# Directions for this task:
Beneath this line sits some data. Return only its lines from the one holding "Lidl Masterpro conjunto" through the one holding "Primark Womens Black", inclusive, exactly, with the images removed.

# Listed entries:

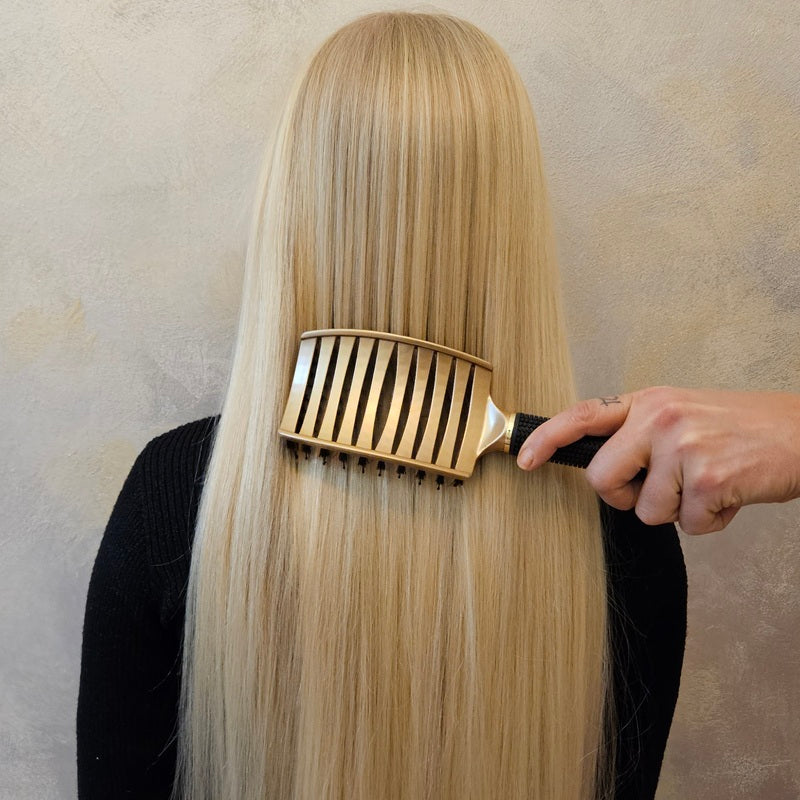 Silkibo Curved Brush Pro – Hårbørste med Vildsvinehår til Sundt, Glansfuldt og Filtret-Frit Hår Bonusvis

--

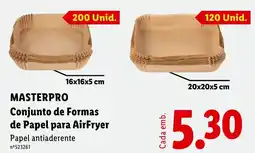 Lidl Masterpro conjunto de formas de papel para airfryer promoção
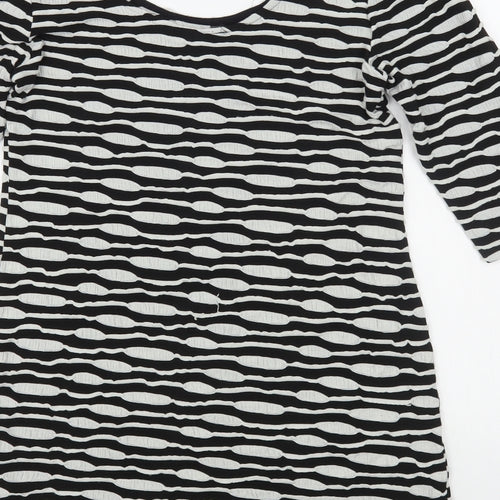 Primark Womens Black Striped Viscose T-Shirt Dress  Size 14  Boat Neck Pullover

---

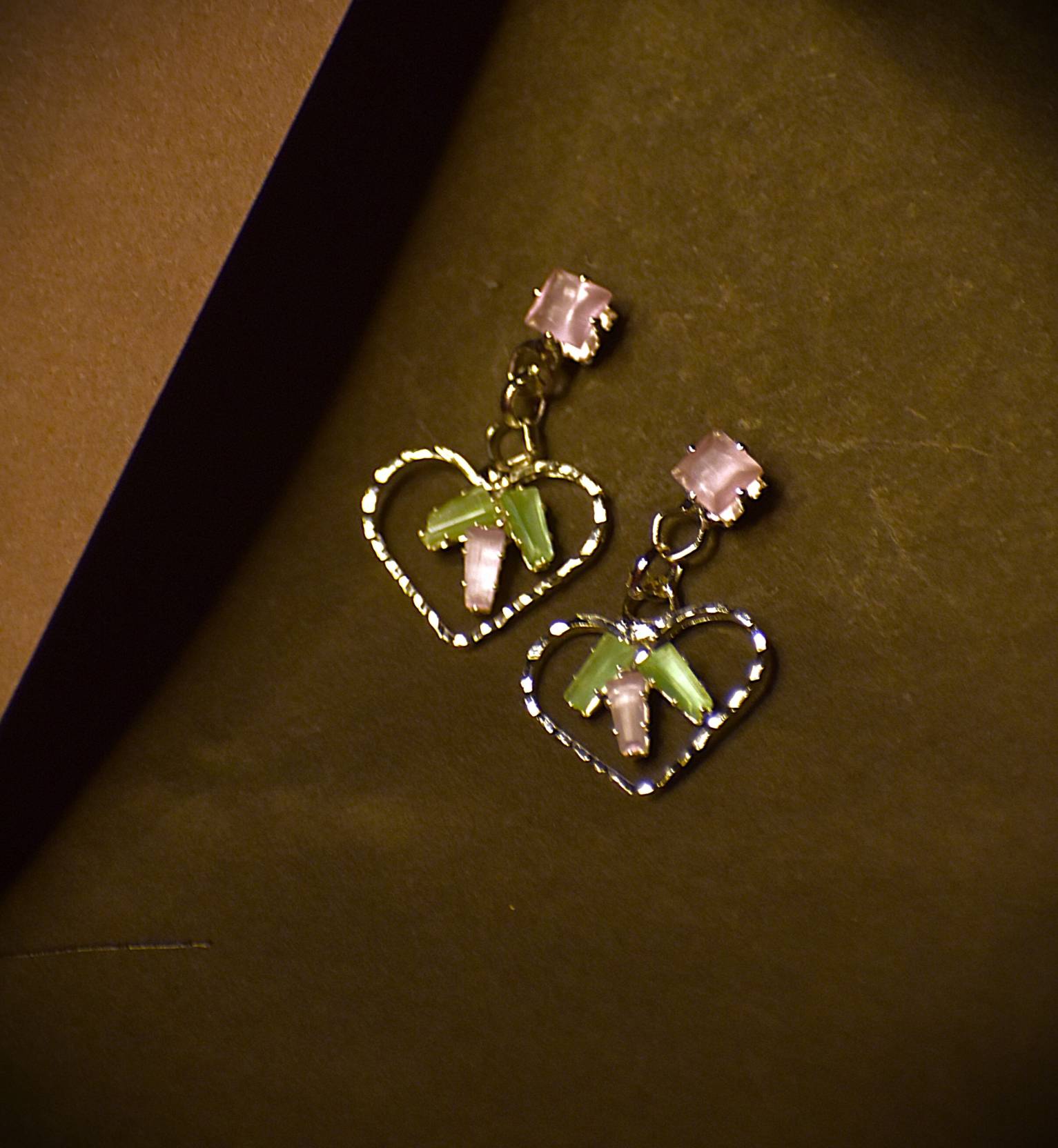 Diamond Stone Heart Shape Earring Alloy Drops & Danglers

# Task response:
 Lidl Masterpro conjunto de formas de papel para airfryer promoção
 Primark Womens Black Striped Viscose T-Shirt Dress  Size 14  Boat Neck Pullover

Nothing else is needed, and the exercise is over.